Background and Aims Several studies on high frequency oscillatory ventilation (HFOV) have demonstrated a high relation between this method and the incidence of hemorrhagic or ischemic brain injures. In this study, we meant to verify the incidence of intra-periventricular hemorrhage (III–IV stadium) and cystic periventricular leukomalacia (CPVL) in subjects submitted to different ventilation (HFOV vs CMV).
Materials and Methods We have examined 120 newborns (mean gestational age 30±1.85 weeks, mean birth weight 1314±404.14 grams). Group A: 60 infants ventilated in HFOV; Group B: 60 infants ventilated in CMV. All received surfactant.
All infants underwent monitoring of cardiovascular function with evaluation of parameters such as fractional shortening, ejection fraction, size of rooms, the ductal shunt, pulmonary artery pressure and cardiac output and blood pressure.
Results Infants ventilated in HFOV have required a maximum value of MAP significantly lower (p<0.05) versus those ventilated in CMV; Iin group A, 8 (13.3%) experienced a hemorrhage of III–IV degree against 12 (20%) of subjects in group B.
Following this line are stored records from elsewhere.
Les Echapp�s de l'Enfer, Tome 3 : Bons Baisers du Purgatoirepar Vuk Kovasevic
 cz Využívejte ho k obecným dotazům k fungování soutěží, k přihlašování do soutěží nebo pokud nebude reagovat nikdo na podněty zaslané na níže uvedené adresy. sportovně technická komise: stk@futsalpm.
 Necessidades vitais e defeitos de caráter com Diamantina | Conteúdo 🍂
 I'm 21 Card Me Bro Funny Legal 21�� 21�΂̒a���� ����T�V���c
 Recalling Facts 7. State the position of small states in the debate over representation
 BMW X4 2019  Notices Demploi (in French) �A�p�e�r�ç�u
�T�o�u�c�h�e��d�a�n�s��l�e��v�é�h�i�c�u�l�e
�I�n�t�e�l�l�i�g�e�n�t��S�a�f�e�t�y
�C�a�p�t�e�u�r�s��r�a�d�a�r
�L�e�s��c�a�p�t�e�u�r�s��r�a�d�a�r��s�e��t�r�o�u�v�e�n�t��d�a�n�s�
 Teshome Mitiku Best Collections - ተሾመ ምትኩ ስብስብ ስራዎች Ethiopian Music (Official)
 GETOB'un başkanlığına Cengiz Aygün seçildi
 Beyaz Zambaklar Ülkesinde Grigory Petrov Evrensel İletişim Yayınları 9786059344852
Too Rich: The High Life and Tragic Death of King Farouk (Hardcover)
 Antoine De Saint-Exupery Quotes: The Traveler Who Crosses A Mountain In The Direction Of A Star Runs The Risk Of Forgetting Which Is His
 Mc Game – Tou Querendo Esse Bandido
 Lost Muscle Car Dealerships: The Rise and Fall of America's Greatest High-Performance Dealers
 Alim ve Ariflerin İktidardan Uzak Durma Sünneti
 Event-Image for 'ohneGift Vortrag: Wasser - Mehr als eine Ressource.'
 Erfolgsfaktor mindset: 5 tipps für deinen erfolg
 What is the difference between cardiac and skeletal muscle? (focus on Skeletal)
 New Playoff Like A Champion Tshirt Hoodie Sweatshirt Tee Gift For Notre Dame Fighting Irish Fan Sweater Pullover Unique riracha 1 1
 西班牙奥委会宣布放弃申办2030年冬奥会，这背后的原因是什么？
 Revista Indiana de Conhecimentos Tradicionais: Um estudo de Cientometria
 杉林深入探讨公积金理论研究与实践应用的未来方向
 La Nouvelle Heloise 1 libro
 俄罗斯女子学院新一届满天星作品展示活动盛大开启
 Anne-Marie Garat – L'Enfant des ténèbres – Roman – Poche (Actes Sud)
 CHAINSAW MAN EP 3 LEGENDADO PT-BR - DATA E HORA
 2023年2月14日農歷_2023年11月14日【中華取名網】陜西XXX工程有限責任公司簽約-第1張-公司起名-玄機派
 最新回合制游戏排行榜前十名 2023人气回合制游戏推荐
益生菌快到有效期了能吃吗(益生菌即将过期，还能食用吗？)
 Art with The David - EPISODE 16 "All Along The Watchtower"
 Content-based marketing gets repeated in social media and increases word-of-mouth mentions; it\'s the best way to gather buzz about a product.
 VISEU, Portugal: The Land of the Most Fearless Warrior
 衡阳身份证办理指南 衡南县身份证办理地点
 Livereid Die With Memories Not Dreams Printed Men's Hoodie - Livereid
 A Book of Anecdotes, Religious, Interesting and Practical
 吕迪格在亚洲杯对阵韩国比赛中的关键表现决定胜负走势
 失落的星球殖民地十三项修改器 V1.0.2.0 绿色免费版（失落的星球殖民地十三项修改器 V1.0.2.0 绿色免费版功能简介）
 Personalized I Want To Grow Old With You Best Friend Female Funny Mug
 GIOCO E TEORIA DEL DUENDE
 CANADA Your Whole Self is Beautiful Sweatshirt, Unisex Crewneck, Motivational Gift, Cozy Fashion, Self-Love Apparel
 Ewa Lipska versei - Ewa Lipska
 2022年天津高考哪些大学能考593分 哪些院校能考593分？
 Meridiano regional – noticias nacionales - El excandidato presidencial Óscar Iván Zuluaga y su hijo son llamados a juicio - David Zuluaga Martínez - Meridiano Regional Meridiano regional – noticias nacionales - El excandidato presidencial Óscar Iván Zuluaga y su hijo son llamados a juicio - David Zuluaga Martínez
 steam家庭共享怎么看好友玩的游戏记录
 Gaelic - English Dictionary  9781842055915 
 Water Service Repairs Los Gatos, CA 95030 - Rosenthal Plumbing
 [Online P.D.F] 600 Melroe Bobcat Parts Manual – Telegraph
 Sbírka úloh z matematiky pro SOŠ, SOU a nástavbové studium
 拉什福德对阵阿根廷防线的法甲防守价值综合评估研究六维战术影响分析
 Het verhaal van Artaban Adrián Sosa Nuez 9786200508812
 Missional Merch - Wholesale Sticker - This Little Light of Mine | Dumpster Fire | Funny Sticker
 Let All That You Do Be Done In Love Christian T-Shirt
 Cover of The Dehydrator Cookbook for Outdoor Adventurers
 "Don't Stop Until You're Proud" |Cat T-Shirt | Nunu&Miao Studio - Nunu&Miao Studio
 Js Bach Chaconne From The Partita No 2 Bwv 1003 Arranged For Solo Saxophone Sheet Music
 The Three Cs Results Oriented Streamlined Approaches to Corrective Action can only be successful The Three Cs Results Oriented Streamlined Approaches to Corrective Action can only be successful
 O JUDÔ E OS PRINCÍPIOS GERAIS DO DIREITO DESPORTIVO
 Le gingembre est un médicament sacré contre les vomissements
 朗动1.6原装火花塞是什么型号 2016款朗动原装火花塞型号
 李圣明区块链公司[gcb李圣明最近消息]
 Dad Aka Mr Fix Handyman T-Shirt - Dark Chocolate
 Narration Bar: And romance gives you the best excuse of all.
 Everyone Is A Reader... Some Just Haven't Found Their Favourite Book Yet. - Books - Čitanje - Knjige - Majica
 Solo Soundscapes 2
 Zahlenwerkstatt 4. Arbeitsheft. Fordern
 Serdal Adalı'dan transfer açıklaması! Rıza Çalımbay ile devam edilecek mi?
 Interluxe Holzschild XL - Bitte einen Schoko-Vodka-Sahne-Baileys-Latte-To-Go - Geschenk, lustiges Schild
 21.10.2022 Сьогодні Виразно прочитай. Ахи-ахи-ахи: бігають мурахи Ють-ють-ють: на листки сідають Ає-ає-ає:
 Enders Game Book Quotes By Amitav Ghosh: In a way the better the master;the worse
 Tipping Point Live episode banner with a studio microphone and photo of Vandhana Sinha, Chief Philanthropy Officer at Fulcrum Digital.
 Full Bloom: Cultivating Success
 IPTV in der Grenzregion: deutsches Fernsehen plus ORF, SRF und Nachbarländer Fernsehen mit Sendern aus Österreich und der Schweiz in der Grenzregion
They presented CPVL 14 (7.23%) infants in group A compared with 16 (26.6%) in group B. There were no differences in cerebral blood flow and resistance index of the anterior cerebral artery. There were no differences in cardiac function.
Conclusions Our data show an increase, not statistically significant, of PIVH and CPVL in newborn infants treated with conventional ventilation than oscillatory ventilation. This is attributable to the use of a MAP “optimal” able to obtain a good alveolar recruitment without causing hyperexpansion.